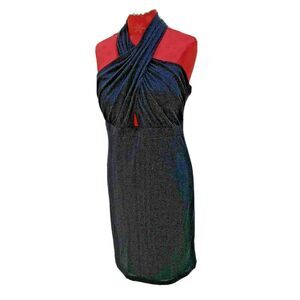 Charlotte Russe XL dress black metallic halter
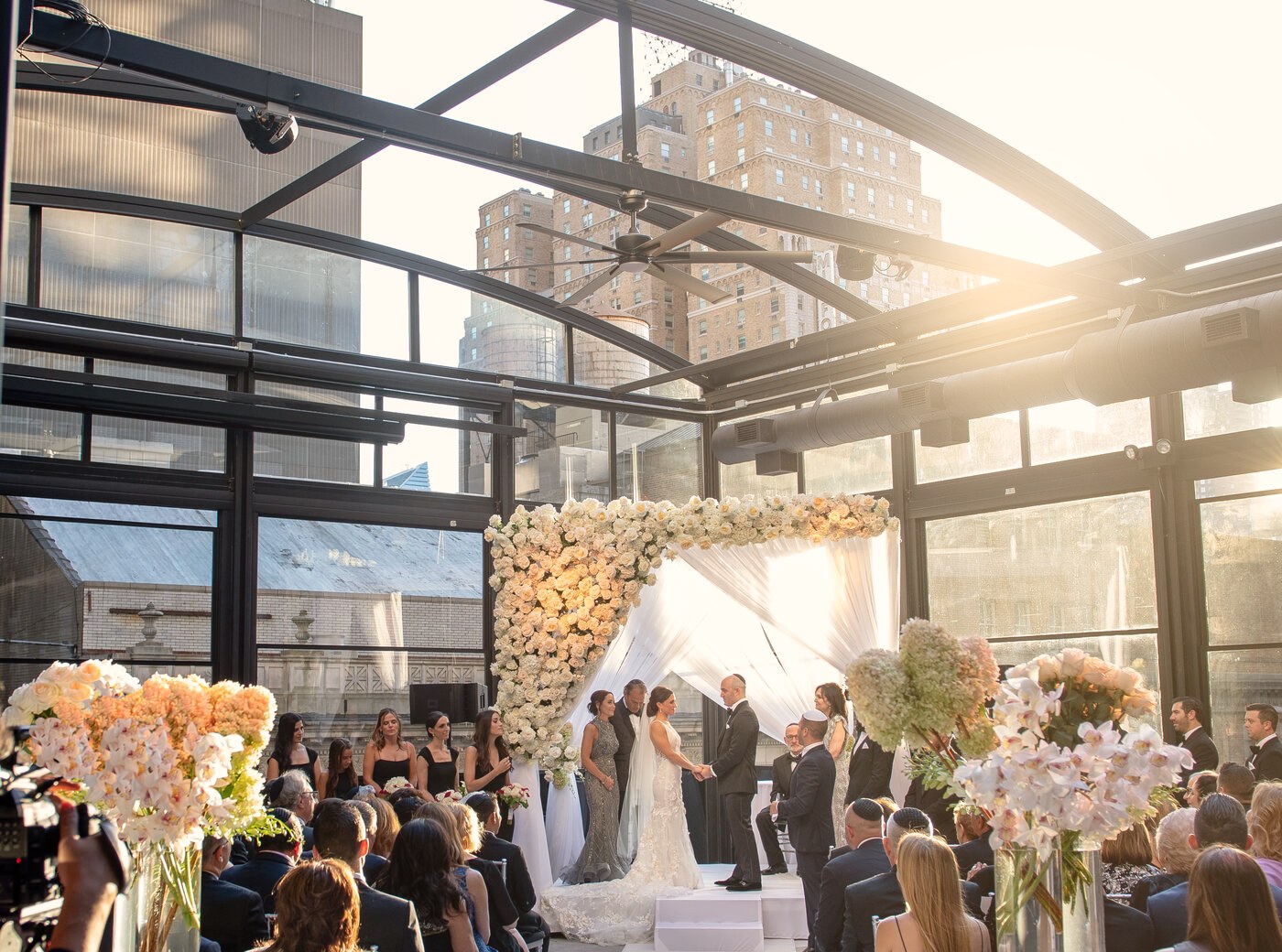 Wedding ceremony on the Rooftop beneath the retractable glass roof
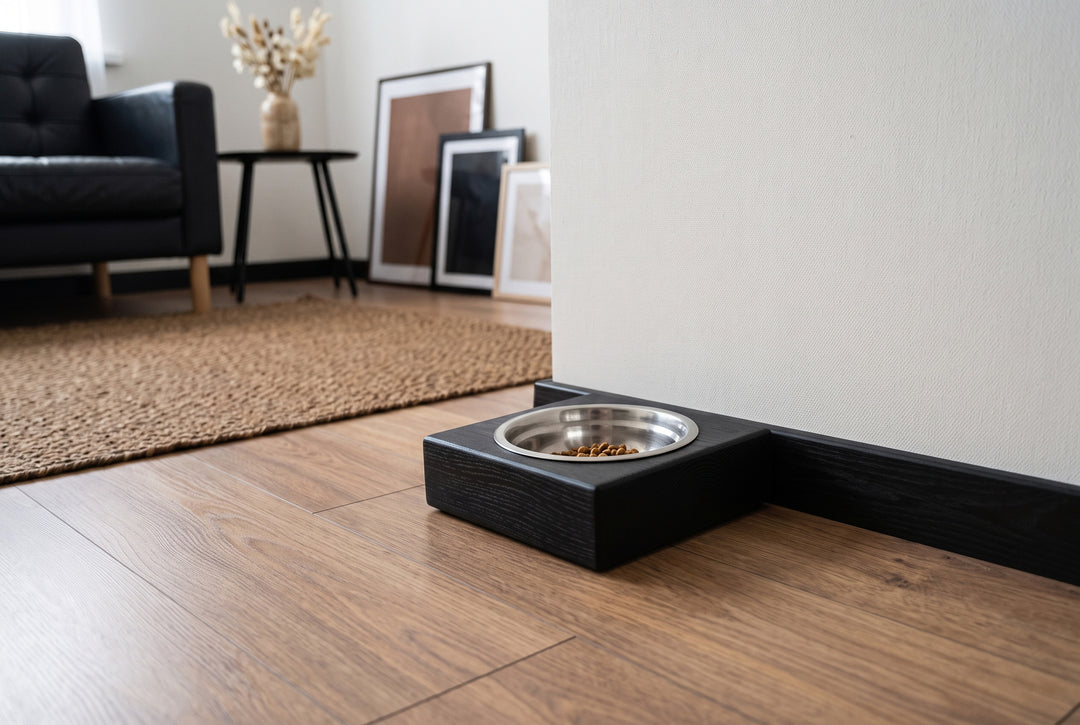Handmade wooden elevated cat bowl stand with two stainless steel bowls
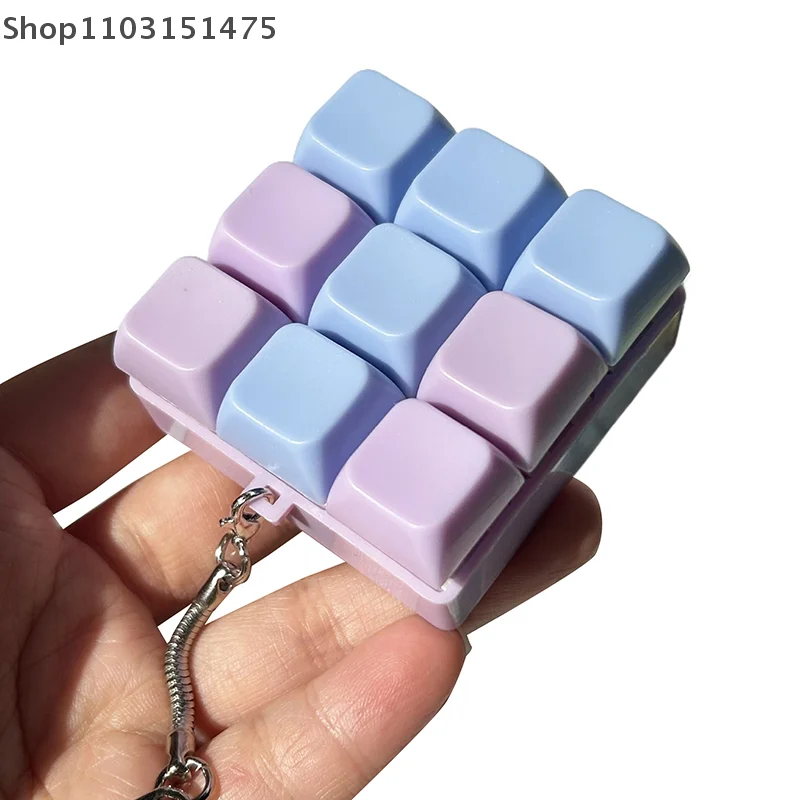9 Keys Mechanical Keyboard Axis Tester DIY Fidget Button Keycap Fidget Keychain Keyboard Keychain Toys Finger Keyboard Caps Toy
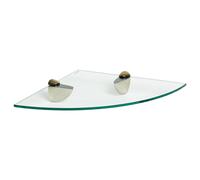 1x Étagère d'Angle de Salle de Bain en Verre Flottant 30cm Clair/Or Stockage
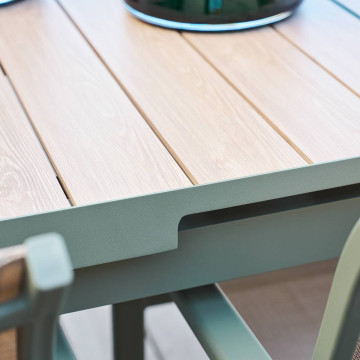 Table extensible 10p Evasion effet bois lin / laurier Hespéride - Le Dépôt Bailleul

=-=-=

* YOUR ASSIGNMENT
Give back exactly the lines from the one containing "Wedding ceremony on" through the last line above, both included, and none of the pictures.

* EXERCISE SOLUTION
 Wedding ceremony on the Rooftop beneath the retractable glass roof
Handmade wooden elevated cat bowl stand with two stainless steel bowls
9 Keys Mechanical Keyboard Axis Tester DIY Fidget Button Keycap Fidget Keychain Keyboard Keychain Toys Finger Keyboard Caps Toy
 1x Étagère d'Angle de Salle de Bain en Verre Flottant 30cm Clair/Or Stockage
 Table extensible 10p Evasion effet bois lin / laurier Hespéride - Le Dépôt Bailleul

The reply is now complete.